Asia: W mojej ankiecie chciałam ustalić kto podejmuje decyzje zakupowe odnośnie wakacji. Dostawałam dużo informacji, że wybory są dokonywania wspólnie. Znowu doświadczenie podpowiada mi, że wcale tak nie jest i wydaje mi się, że odpowiedzi o wspólnym podejmowaniu decyzji po prostu dobrze wyglądają. To osoby chciały abym tak o nich myślała, jako o rodzinie, która wspólnie podejmuje wszystkie decyzje.

Janina: Widzisz to jest właśnie efekt społecznych oczekiwań. Polega na tym, że odpowiadamy na badania ankietowe w taki sposób, w jaki wydaje nam się, że zna od nas oczekiwane. Istnieją określone kategorie, w których widać ten efekt sposób wzmożony. Np. częściej niż jest naprawdę wspominamy o częstotliwości chodzenia do kościoła, rzadziej wspominamy o używkach. Jeśli zapytam się o to jak często chodzisz na siłownię okaże się że całe społeczeństwo codziennie uprawia CrossFit. Ponieważ wiemy, że tak się powinno robić. Być może w przypadku twojego pytania rozwiązaniem byłoby inne go sformułowanie. Nie pytanie o decyzję tylko o procentowy udział w decyzji lub o przebieg procesu decyzyjnego. To trzeba by się było trochę po zastanawiać. Właśnie dlatego, że badania ankietowe są pracą z drugim człowiekiem a nie zawsze potrafimy przewidzieć zachowania ludzi to trzeba tam kiedy testować. Nawet jeśli jest to ankieta w sklepie gdzie zadajemy proste pytania, rozdajemy te ankiety znajomym i rodzinie, sprawdźmy, czy pytania są jasne. Czy nie brakuje żadnej kategorii?

Asia: Wracając do przepytywania cię z twojej biografii. Twoje pierwsze studia miały miejsce w Polsce.

Janina: Tak pierwsze studia były w Polsce na Uniwersytecie Jagiellońskim. Później studiowałam w Szkocji tam byłam na stypendium rządowym więc w sumie zrobiłam licencjat w rok. Podkreślam to nie dlatego, żeby się chwalić, chociaż mama jest bardzo dumna, tylko żeby zaznaczyć że w Szkocji nie skończyłam pełnego licencjatu tylko to był program stypendialny który pozwolił mi dużo przedmiotów zrobić w rok i uzyskać dyplom szkockiej uczelni.

Asia: Wiedziałaś co chcesz robić po tych studiach?
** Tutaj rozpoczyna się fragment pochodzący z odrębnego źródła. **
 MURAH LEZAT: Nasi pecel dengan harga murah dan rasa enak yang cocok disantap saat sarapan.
Zaplanowałaś sobie, że po studiach zostaniesz sławną bloggerka przemycając informacje na temat statystyki by potem płynnie przejść do świata marketingu?
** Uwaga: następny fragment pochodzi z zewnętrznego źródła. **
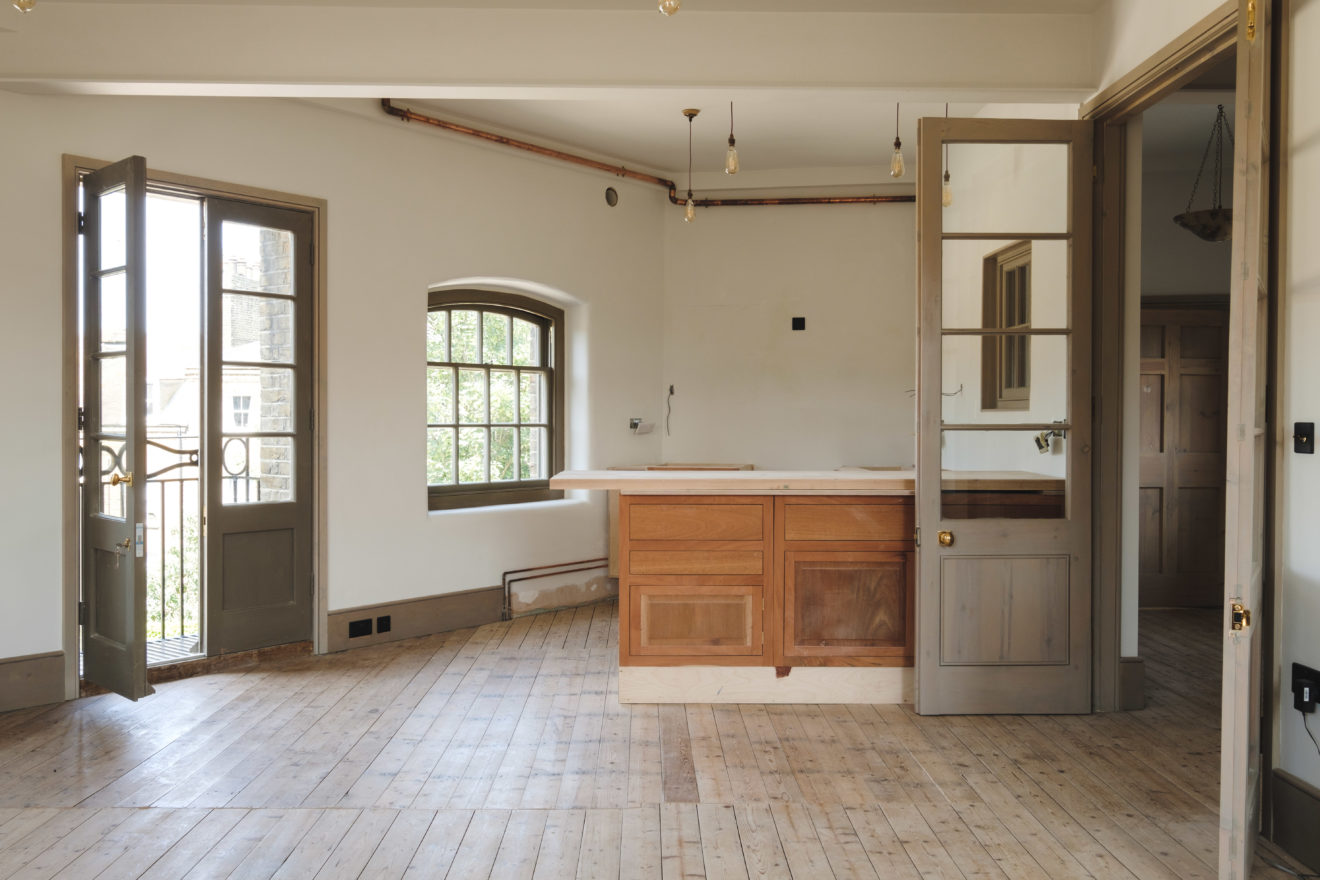 Aucoot - Woodhams Brewery - Restoration House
Janina: Tak, urodziłam się w roku osiemdziesiątym ósmym a już w roku dziewięćdziesiątym zaklepałam sobie domenę. Nie, tak naprawdę nie miałam pojęcia, że zacznę prowadzić bloga. Ja mam problem z tymi studiami, w tym sensie, że studia to jest totalnie najlepszy czas w życiu. Ja swoje studia wspominam bardzo wspaniale po pierwsze z powodu znajomości po drugie to jest fajny czas kiedy człowiek chce się uczyć i może się uczyć może się też bawić. Z drugiej strony idziemy na studia w wieku 18 lat i umówmy się bardzo niewiele osób w wieku 18 lat wie co chcę robić w życiu.

Zaczęłam studiować pedagogikę, byłam przekona, że po studiach będę pracować więzieniu, ponieważ była to Pedagogika Resocjalizacyjna. Na pewno nie planowałam studiów za granicą. Na pedagogice praktycznie w ogóle nie miałam statystyki zajawiłam się nią dopiero w Szkocji. Nigdy nie przypuszczałam, że będę miała do czynienia z liczbami. To fajnie pokazuje, że nie musimy mieć planu. Możemy kombinować. Ja jestem przeciwniczka pójścia na studia tylko dlatego, że wszyscy chcą żebyśmy poszli. Uważam, że jeśli ktoś ma inny pomysł na życie to nie musi iść na studia tylko po to aby mieć magistra. Niemniej, nawet jeśli chcemy iść na te studia i nie do końca wiemy dokąd nas zaprowadzą jest to taki intensywny czas, że nigdy nie wiemy. Być może pojedziemy na stypendium za granice, być może poznamy jakiegoś wykładowcę, który nas zainspiruje. Ja tak miałam ze statystyką, być może pójdziemy na jakieś super staż i zajawidzimy się bardzo konkretną pracą w konkretnej firmie. Nigdy tego nie wiemy i myślę, że należy korzystać z różnych możliwości. Sprawdzać.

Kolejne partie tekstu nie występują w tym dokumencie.